▶ Caption-style text data:

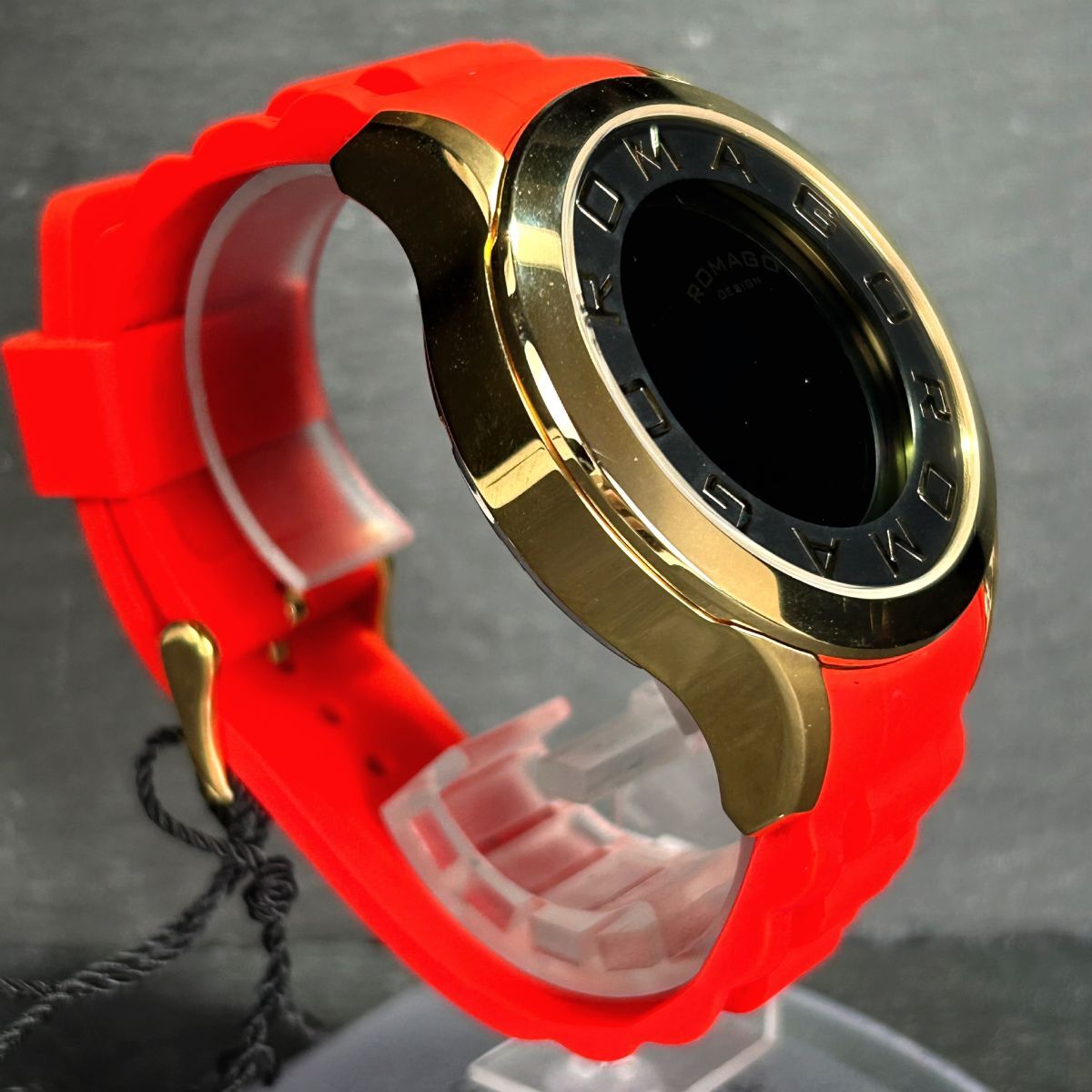 田渕亜季さん着用モデル 新品 ROMAGO ロマゴ RM015-0536PL 腕時計 クオーツ アナログ ミラーウォッチ ダーツ レッド LEDライト シリコンの画像5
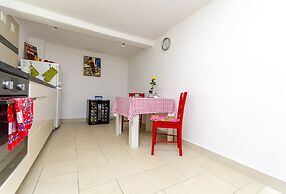 House Stella
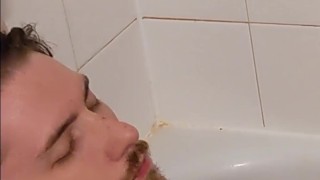 TikToker Jason Drake gets horny in the tub and jacks off until he cums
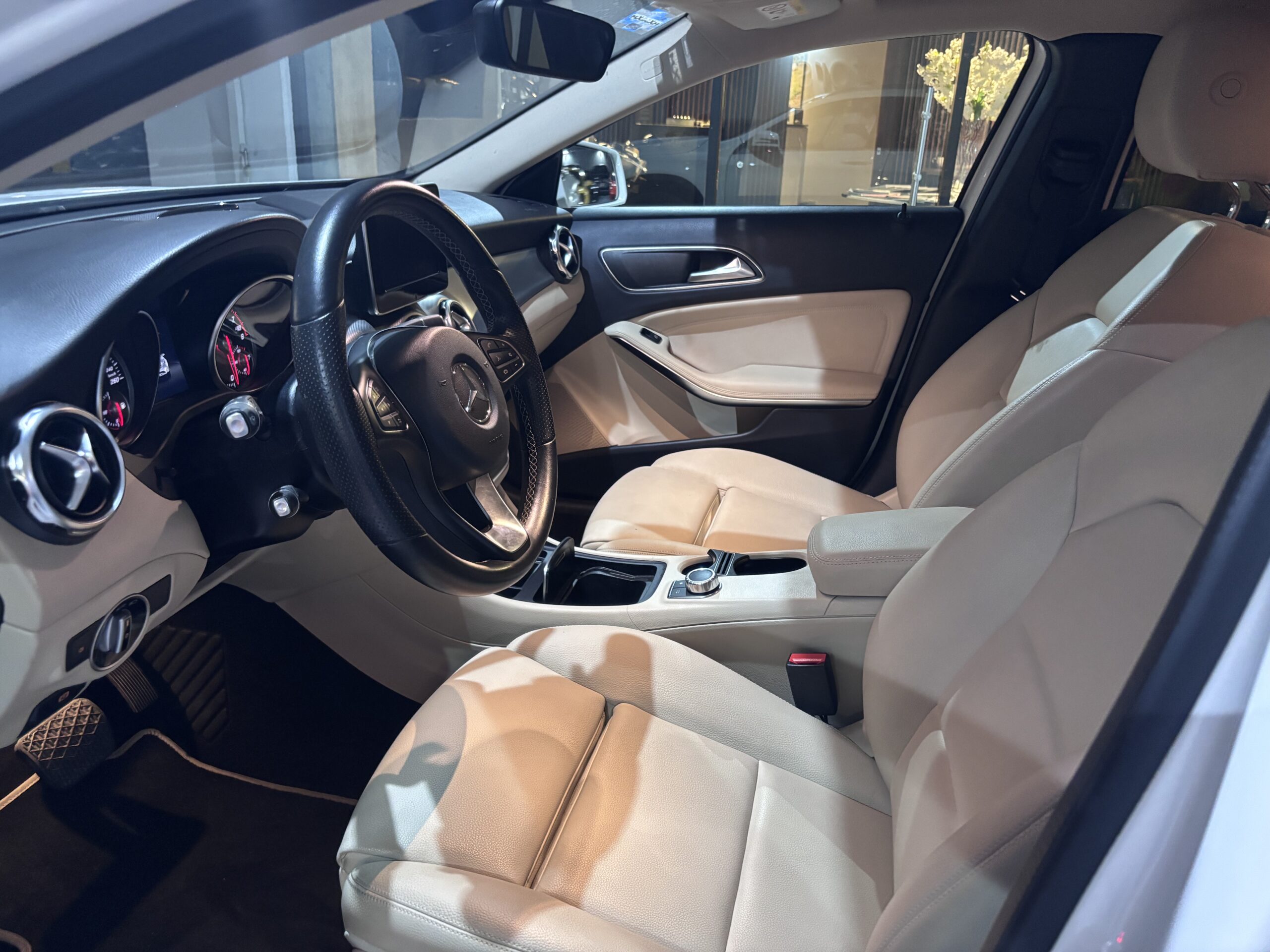 MERCEDES BENZ GLA 200 2020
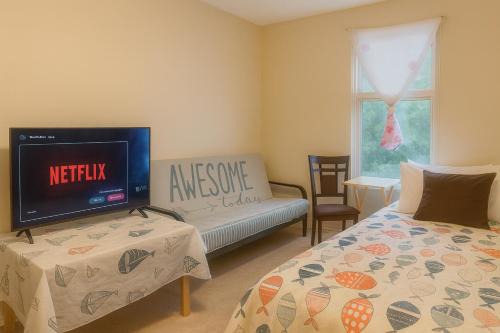 Whitehorse House | Bright Downtown Room Walk Everywhere Aurora Nearby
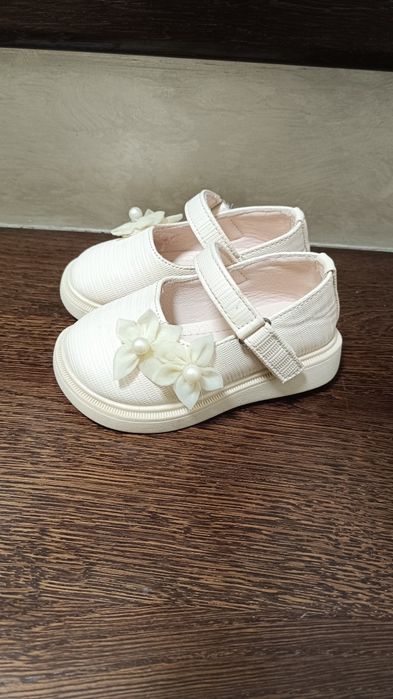 Туфельки, взуття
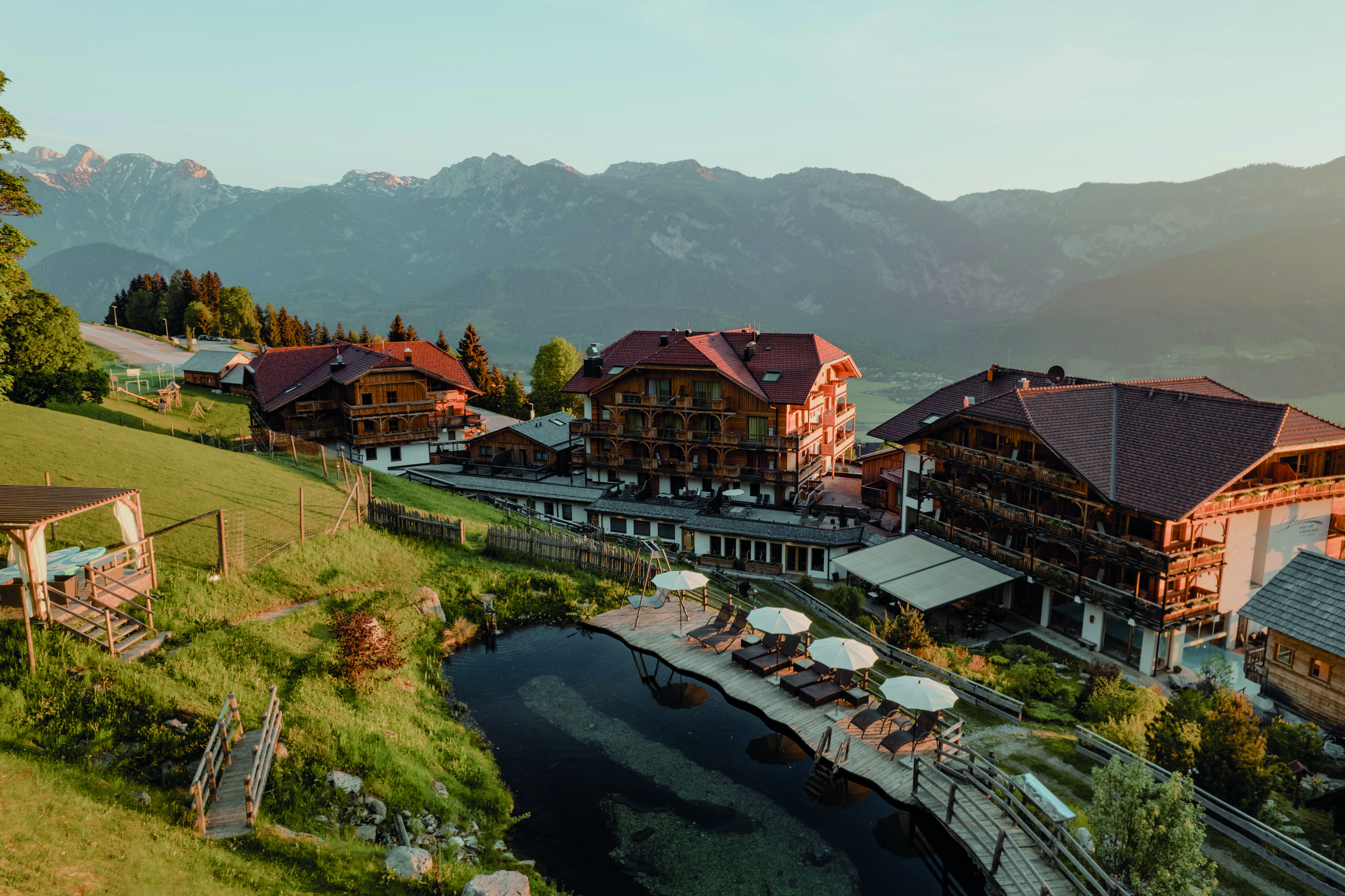 Die Außenansicht vom Natur- und Wellnesshotel Höflehner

▶ What the task asks:
Retype precisely, and only, the lines from the one holding "MERCEDES BENZ GLA 200 2020" through the final line of the data above, with the pictures omitted.

▶ The completed task:
 MERCEDES BENZ GLA 200 2020
 Whitehorse House | Bright Downtown Room Walk Everywhere Aurora Nearby
 Туфельки, взуття
 Die Außenansicht vom Natur- und Wellnesshotel Höflehner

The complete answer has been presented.